Este artigo apresenta os resultados de uma experiência realizada em uma escola agrícola pública de alternância no Uruguai, onde foi desenvolvida uma proposta baseada na produção de narrativas digitais por estudantes do 8.º ano. A intervenção foi enquadrada no Taller de Saúde e Sexualidade do Conselho de Educação Técnico-Profissional (CETP-UTU) e foi concebida com base em pedagogias críticas, na educação situada e na abordagem de direitos.
A partir de uma metodologia qualitativa, foram utilizadas técnicas como observação participante, análise das produções narrativas, revisão de materiais pedagógicos e devolutiva de um professor de referência.

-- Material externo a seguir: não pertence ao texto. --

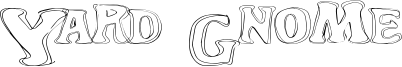Yard Gnome Font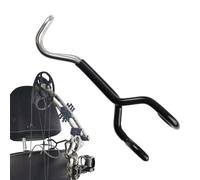 Fahrradträger - Fahrradträger | Gepäckträger aus Stahl, mit hohen Seitenschienen für Wohnmobile, LKWs, SUVs, Lieferwagen, Autos mit 2-Zoll-Anhängerkupplungsempfänger - Tragfähigkeit 500 lb,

Os resultados demonstram que as narrativas digitais não apenas favorecem a apropriação de conteúdos relacionados aos direitos sexuais e reprodutivos, mas também possibilitam espaços de expressão emocional, reflexão coletiva e construção da autonomia juvenil. Conclui-se que esse tipo de dispositivo didático contribui para uma EIS contextualizada, dialógica e transformadora, especialmente quando articula o cognitivo com o afetivo e o criativo.